Quels sont les critères qui vous décident à travailler pour une grande marque, comme Boucheron?

«Nous sommes entrés en relation à leur demande, pour du cobranding. Au fur et à mesure des échanges, beaucoup d’atomes crochus sont apparus entre leurs équipes et les nôtres. J’ai longuement réfléchi avant d’accepter une licence. Je ne voulais pas risquer ma petite société dans une licence qui serait trop ambitieuse pour elle. Nous avons trouvé de bons accords, parce que la confiance et le respect mutuel se sont installés. Nous allons d’ailleurs développer avec eux un bracelet en aluminium et corne.
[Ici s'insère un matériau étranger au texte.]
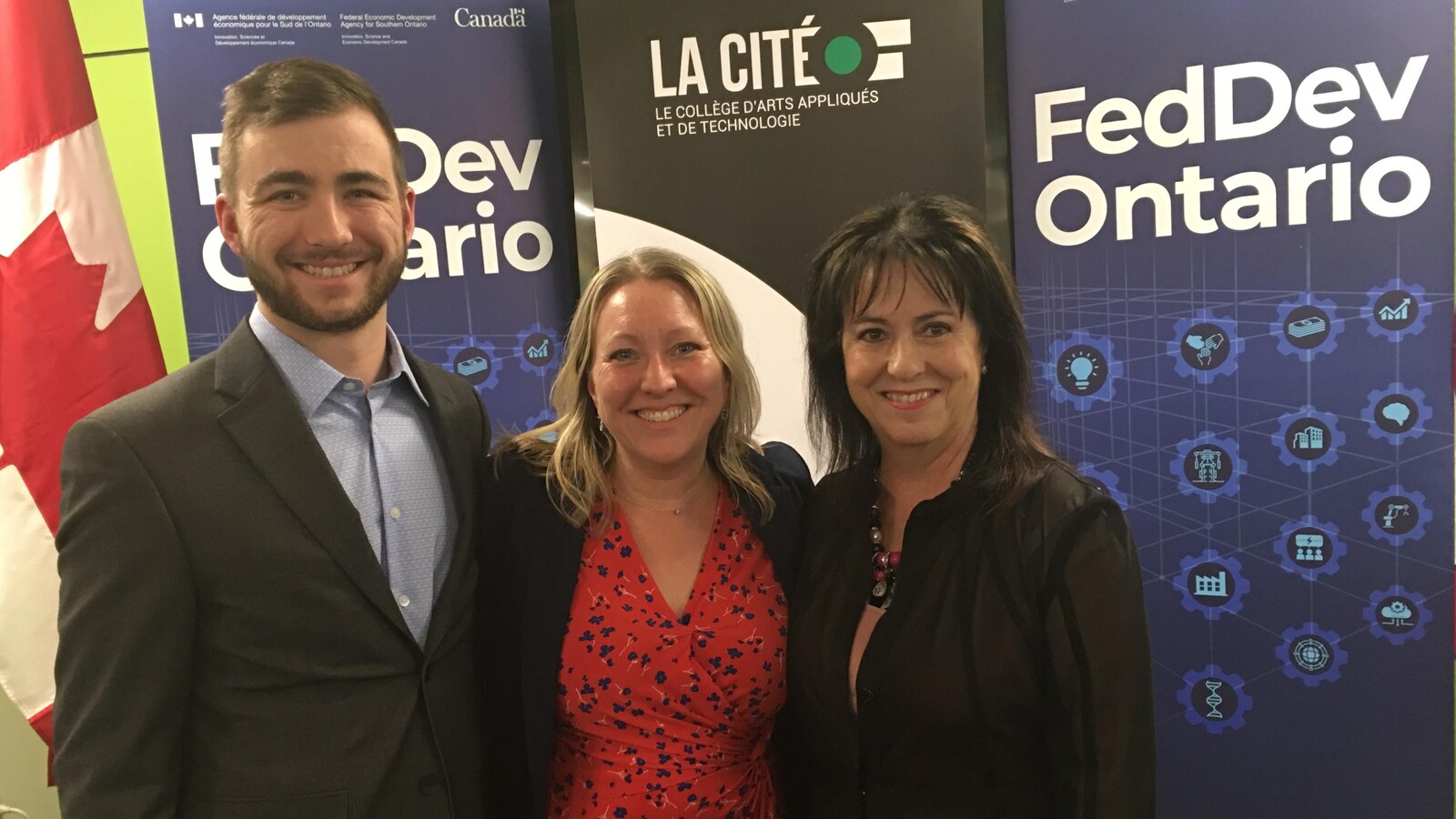 Jean-Philippe Héroux, entrepreneur (à gauche), Mona Fortier, députée fédérale d’Ottawa-Vanier (au milieu) et Lise Bourgeois, présidente-directrice générale de La Cité, sourient devant des panneaux FedDev et un drapeau canadien.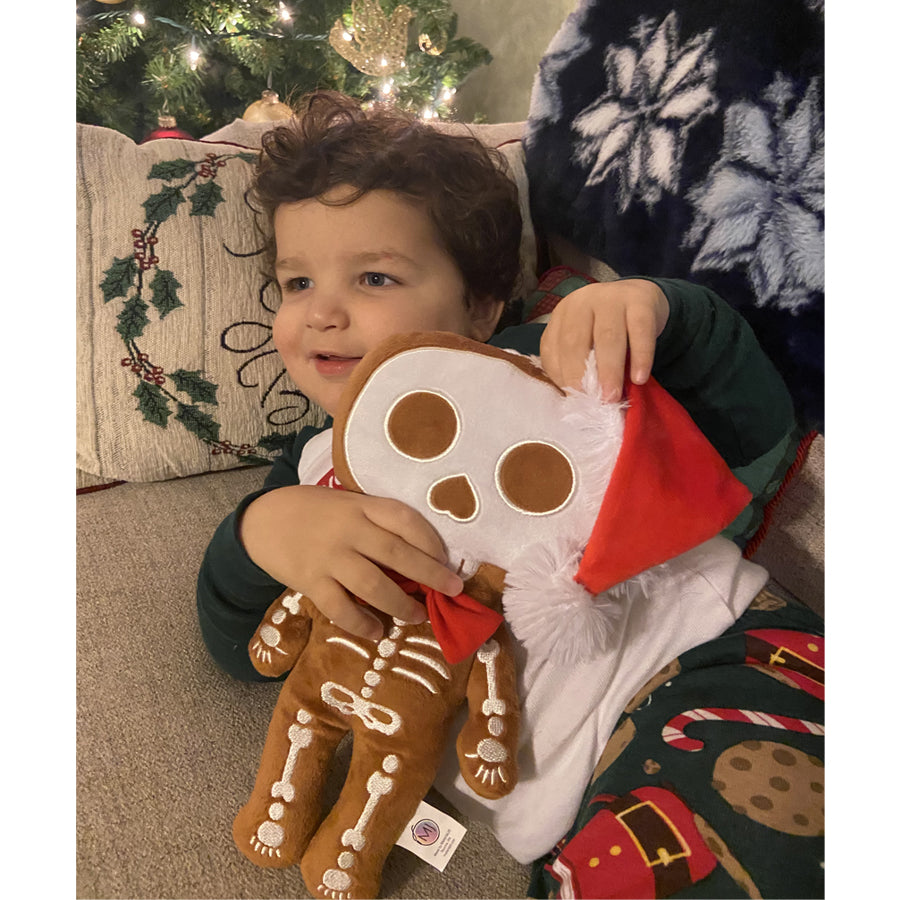 child holding a 12 inch tall gingerdead skeleton plush in a red santa hat with a red bow tie made in brownminky white embroidery beautiful embroidery high quality plush halloween skeleton bat plushie halloween goth home decor childrens halloween christmas or creepmas skeleton plush toy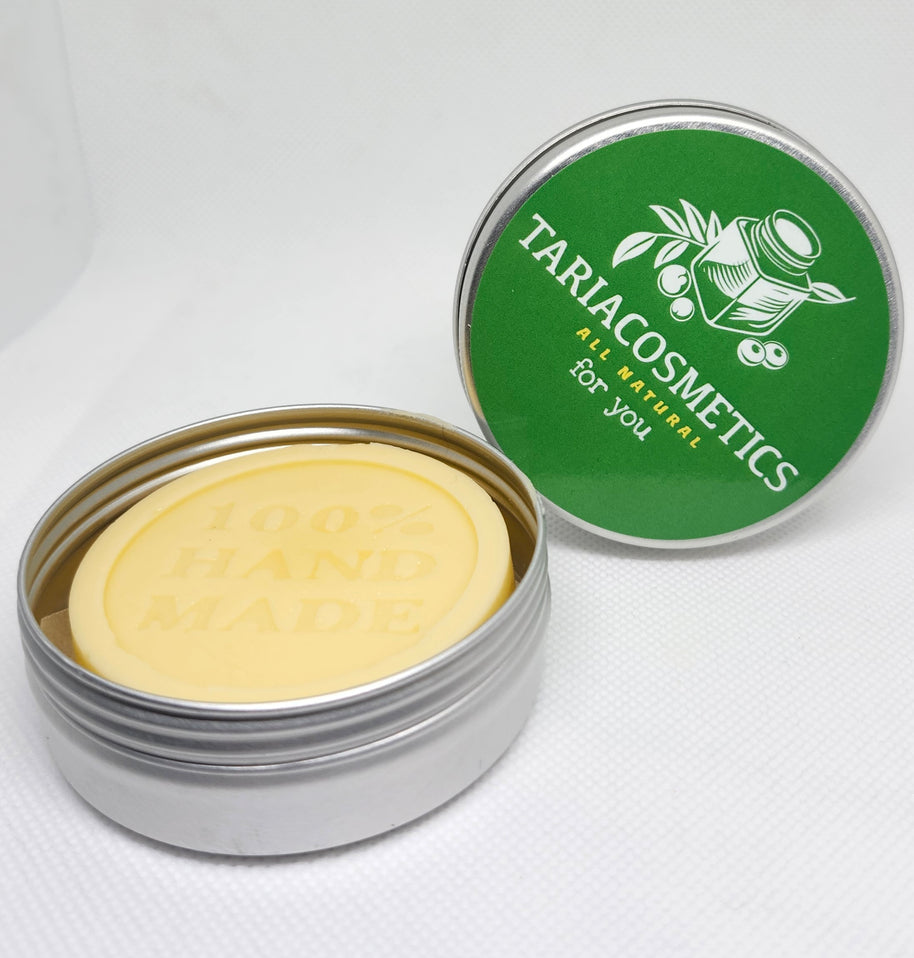 A round aluminum tin centered on a white background, featuring a green label with the TariaCosmetics branding.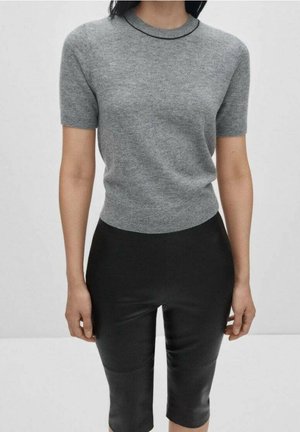 Henkilö, joka pukeutunut lyhythihaiseen harmaaseen neulepaitaan ja mustiin, vartaloa myötäileviin puolipitkiin housuihin, seisoo yksiväristä taustaa vasten.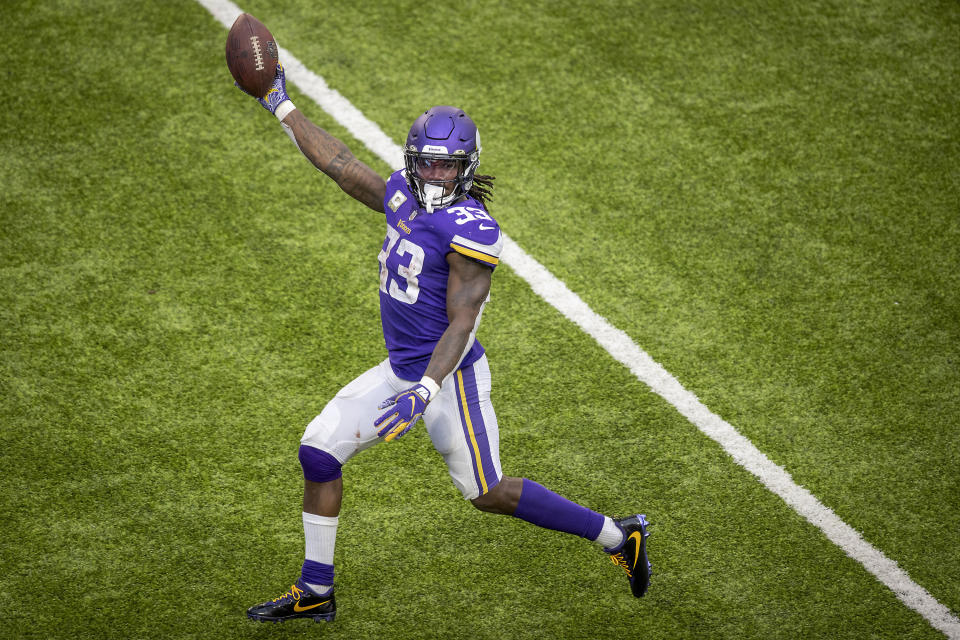 Minnesota Vikings running back Dalvin Cook holds the ball up as he runs into the end zone during the second half of an NFL football game against the Detroit Lions, Sunday, Nov. 8, 2020 in Minneapolis. (Elizabeth Flores/Star Tribune via AP)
Envisagez-vous de développer ce type de partenariat?

«Non, pas pour l’instant. Cela demande beaucoup d’investissements, or aujourd’hui, nous devons faire face à la crise et à la mondialisation et tant que nous serons une petite familiale, nous n’allons pas nous risquer à ce genre de développement. Avec Gold & Wood et Boucheron, nous pouvons certainement encore doubler, voire tripler notre chiffre d’affaires mondial. Cela suffit à notre peine et nous n’allons pas chercher de licence supplémentaire.

Le partenariat avec Boucheron est très enrichissant. Il se crée une saine émulation et nous apprenons beaucoup de leur positionnement très haut de gamme. Ils nous imposent d’augmenter encore la qualité, d’augmenter la réflexion sur ce que l’on veut faire… On partage toutes leurs réflexions ‘marketing’ et ‘positionnement produits’ et cela nous ouvre beaucoup de réflexions en interne, pour faire également évoluer Boucheron.

Vous souhaitez accroître votre visibilité au niveau luxembourgeois. Pourquoi y avoir travaillé dans l’ombre pendant une quinzaine d’années?

 «Je ne suis pas quelqu’un qui aime se mettre sous les projecteurs. Cela ne fait pas partie de mon tempérament. Ensuite, étant à Hosingen, c’est vrai, que nous sommes un peu coupés de ce cercle où tout le monde se connaît. Mais nous avons un marché croissant au Luxembourg, c’est une place où il est important que nous soyons. Comme à Paris ou Monaco.

Vous-même portez des montures très discrètes. Vous ne souhaitez pas être le VRP flamboyant de votre marque?

«J’ai essayé de mettre des montures très flashy. Mais ce n’est vraiment pas mon style. Ce qui compte avant tout, c’est d’être à l’aise dans ses baskets… et dans ses lunettes.

L‘aventure est réussie, le défi entrepreneurial relevé, mais vous reste-t-il quelque frustration?

«Celle d’avoir manqué de moyens pour faire mieux connaître nos produits, qui sont les meilleurs dans ce style. Avec la mondialisation, nous n’avons pas les moyens d’avoir une visibilité internationale. Nous sommes très présents au Luxembourg, en Belgique, en France et aux États-Unis. Il y a encore tellement de choses à faire! Certes, Rome ne s’est pas faite en un jour… mais c’est un peu frustrant.

N’envisagez-vous pas une ouverture de capital?

«Nous allons y penser. Il s’agirait d’obtenir les moyens qui nous manquent, cette impulsion supplémentaire pour mieux diffuser nos marques.

Quelle forme prendrait-elle?

 «Nous sommes actuellement en réflexion, tous azimuts. Mais rien n’est formalisé.»